Marco Reus war der Beschleu­niger, der Favres jetzt fehlt

Mit Marco Reus war das anders. Auch ohne das erneut zu wie­der­holen, wissen die Jour­na­listen, dass Favre genau das sagen will. Reus machte in der ver­gan­genen Saison jeden Mit­spieler stärker. Er beschleu­nigte das Spiel der Glad­ba­cher und schaffte Räume für Mike Hanke, Juan Arango und Co. Ver­gan­gen­heit. Der Blick nach vorne zählt jetzt nur noch für den Trainer und er möchte sich auch nicht mehr in diesen Aus­reden flüchten. Genauso wenig, wie er sich wie­der­holen möchte. Den posi­tiven Ansatz ver­suchte Favre seiner Mann­schaft in der Halb­zeit­pause zu ver­mit­teln. Auch wenn das Gegentor zum 1:2 zu einem unglück­li­chen Moment kam, seine Elf sollte auf den Sieg spielen“. Der Platz­ver­weis machte die Sache aber schwierig, so der Schweizer. Umso posi­tiver sei zu bewerten, dass seine Mann­schaft noch mal zurück­ge­kommen ist“ und in der Nach­spiel­zeit das 2:2 gemacht hat. Ich habe viele posi­tive Dinge gesehen“, lächelt der Eid­ge­nosse. Ein Lächeln, das man ihm gerne abnehmen möchte.

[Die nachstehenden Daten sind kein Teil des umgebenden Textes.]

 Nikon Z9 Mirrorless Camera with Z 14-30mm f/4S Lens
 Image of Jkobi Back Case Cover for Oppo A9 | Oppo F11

Mund abputzen – viel­leicht ja mit der Ser­vi­ette – und wei­ter­ma­chen. Die Begeg­nung mit der Ver­gan­gen­heit in Person von Reus kommt viel­leicht zum unpas­sendsten Moment für Favre und seine Borussia. Am Samstag muss die Borussia nach Dort­mund zur anderen Borussia. Und bei der spielt bekannt­lich Marco Reus. Dafür braucht man kein Experte in Acti­vity zu sein.